PC World executive editor Gordon Mah Ung recently announced that his team successfully “smashed right through” the traditional 64GB system RAM barrier.
“[The] barrier has vexed consumer computing for years now. Mainstream desktop PCs have all featured four slots for a maximum of 32GB of DDR3 RAM,” he explained.
“At the high-end, prosumer PCs doubled that to eight slots for a maximum of 64GB DDR3. With the move last year to DDR4 RAM in Intel’s Haswell-E, we were promised we’d finally break the 64GB mark. That time has come.”
To break the barrier, the PC World crew selected Corsair’s 128GB kit which is available in three speeds: DDR4/2800, DDR4/2666 and DDR4/2400 at the Platinum level.
“The kit we used was the DDR4/2400 and is comprised of eight 16GB modules.
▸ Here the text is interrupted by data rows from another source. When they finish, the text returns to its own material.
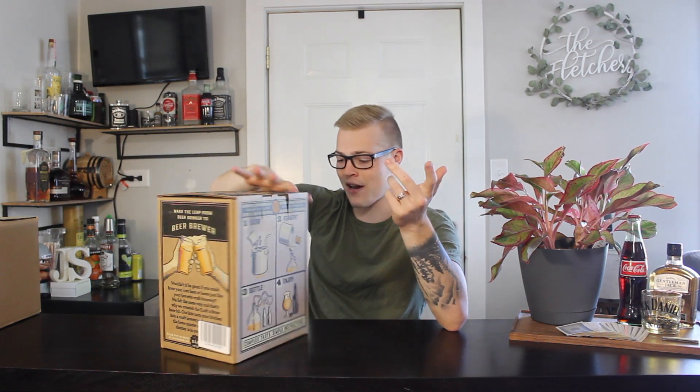Some of the upgrades I've got and some things that will help us out brewing in the future. One of those things, that you saw in the intro, is this bad boy right here. This is from Craft A Brew. It is a Hefeweizen brewing kit. In it, we should have a carboy fermenter — one gallon.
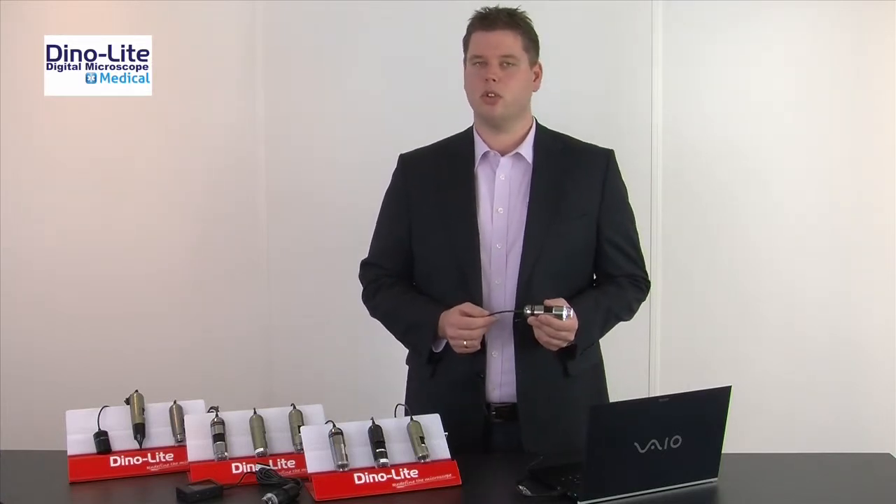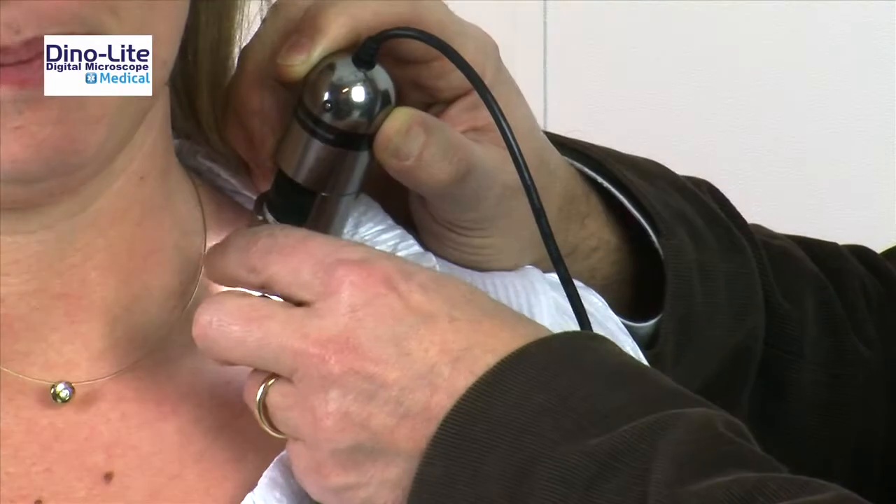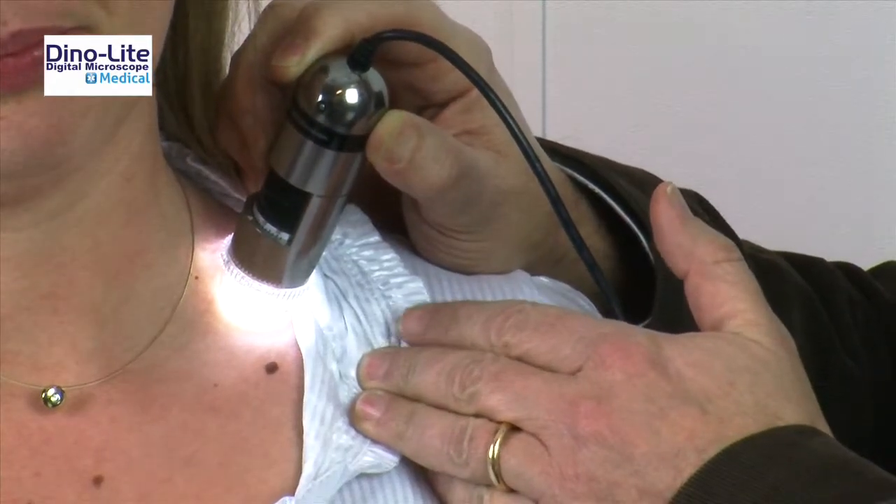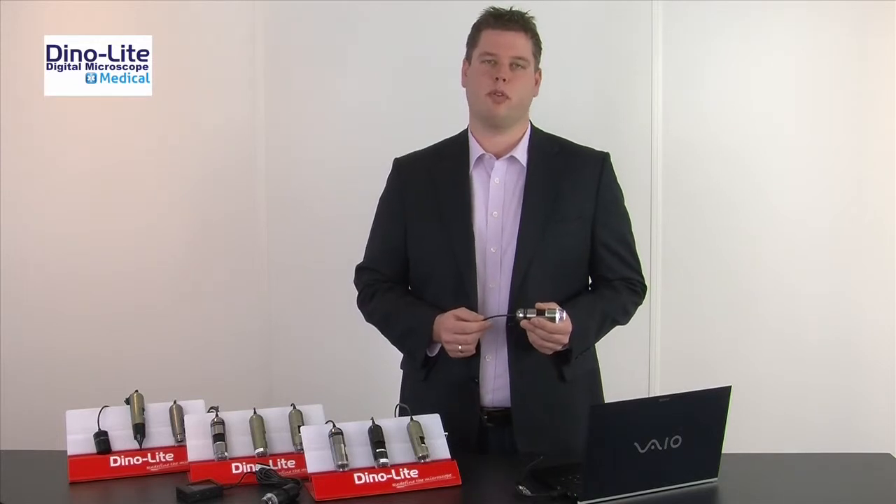It's a very convenient and easy to use tool for inspection of the human skin and scalp. It offers better and clearer images than any digital camera with macro function could provide.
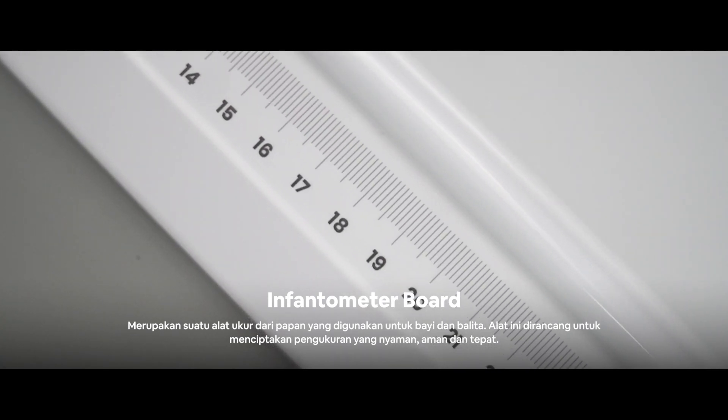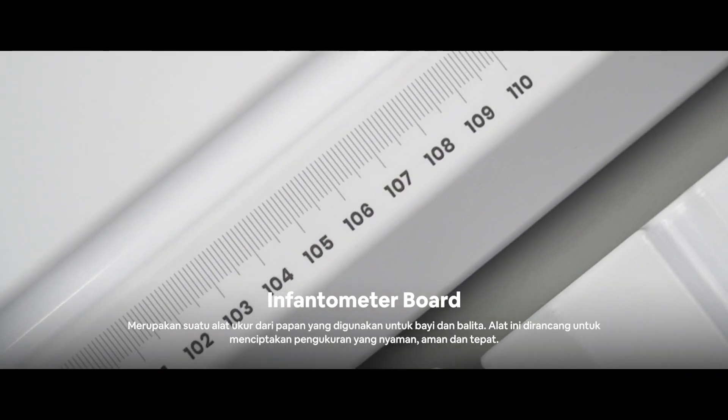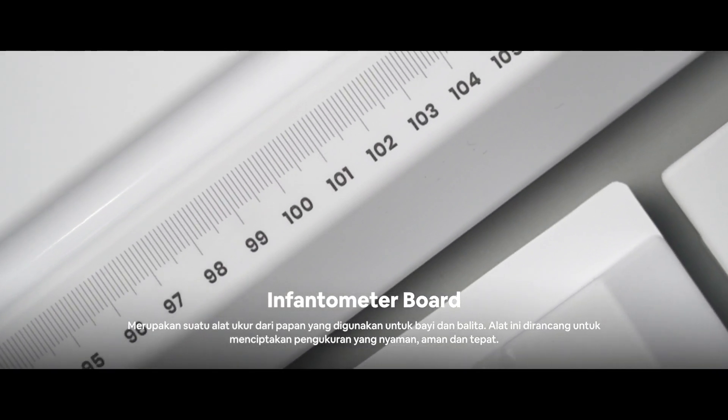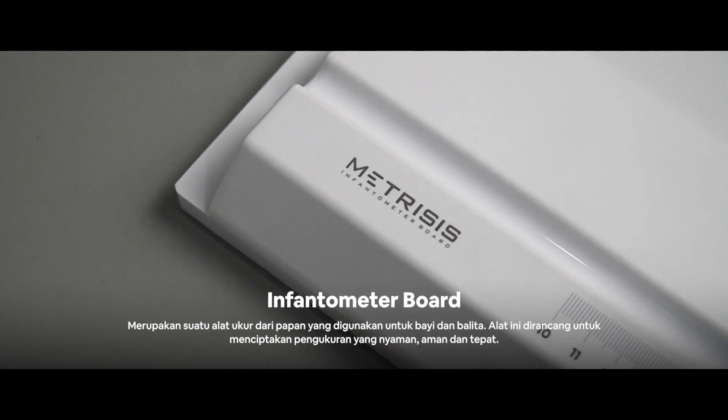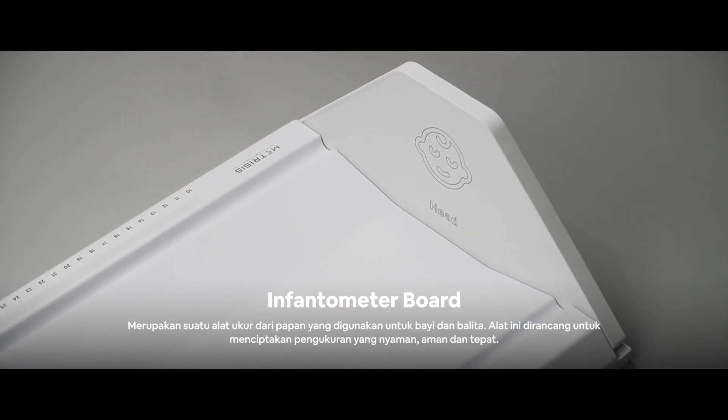Inventometer board is a measuring instrument in the form of a board, used to measure infants and toddlers. This tool is designed to make sure that the measurements are comfortable, safe and precise.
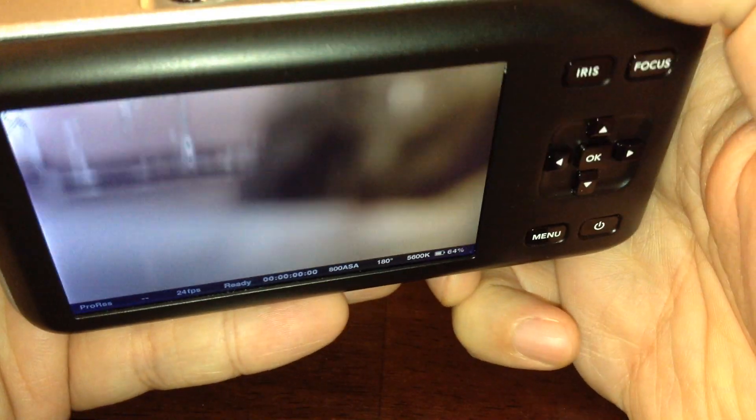Let's just turn it on really quickly so you can see that there is an image coming out of this camera — and there you have it.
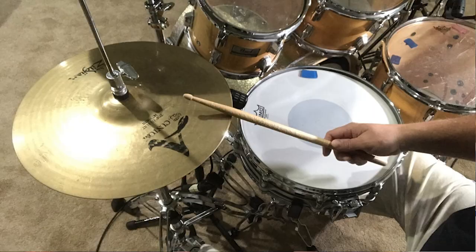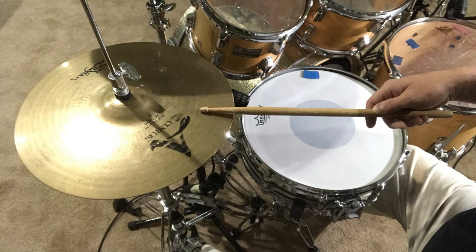Let's talk about the two techniques that are critical to sounding good while playing the one-drop. The first one is the hi-hat accented and unaccented strokes. The accents are played on the upbeat of 2 and 4, with the shoulder of the stick on the edge of the hi-hat cymbals. The unaccented strokes are on beats 1 and 3, and are played with the tip of the stick on the top of the cymbal. This technique will bring clarity to your reggae beats.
It comes in a matched set with two heatsink fans,” Ung continued. “The fastest DDR4/2800 set is $2,120, while the two lower-speed kits are $1,980. In true computer tradition though, prices have already begun to fall. Corsair has since released its Vengeance LPX line at the same density and speed for $1,600.”
As Ung notes, not everyone can easily get to 128GB of RAM at this point in time, with such capacity requiring 8 memory slots, as well as a CPU and motherboard with BIOS support for such a massive amount of memory.
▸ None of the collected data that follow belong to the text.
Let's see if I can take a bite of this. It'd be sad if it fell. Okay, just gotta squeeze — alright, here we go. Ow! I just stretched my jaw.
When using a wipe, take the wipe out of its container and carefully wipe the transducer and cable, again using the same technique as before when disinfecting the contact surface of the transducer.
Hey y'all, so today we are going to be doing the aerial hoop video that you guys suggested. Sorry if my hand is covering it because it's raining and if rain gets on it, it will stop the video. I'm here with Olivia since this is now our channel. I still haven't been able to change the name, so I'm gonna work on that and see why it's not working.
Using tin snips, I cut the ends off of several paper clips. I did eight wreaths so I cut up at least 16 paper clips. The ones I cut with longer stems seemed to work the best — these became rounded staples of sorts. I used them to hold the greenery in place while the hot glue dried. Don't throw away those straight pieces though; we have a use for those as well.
“128GB of system RAM [may] seem silly, but if you dial back the clock, people used to say that about 16MB of RAM and 1GB of RAM. One day, I can say with confidence, we’ll look back and laugh how silly we were to be in awe of 128GB of RAM—when we’re all running 1TB and counting,” Ung added.
Commenting on the above-mentioned report, Frank Ferro, senior director of product marketing at Rambus, confirmed that DDR4 was well on its way to ramping on the server and enthusiast side, while remaining on track to ultimately hit mainstream desktop PCs, laptops and consumer applications such as digital TVs and set-top boxes.
“We expect the cost of DDR4 to decrease. When it reaches price parity with DDR3, DDR4 will become the default choice for consumer products.”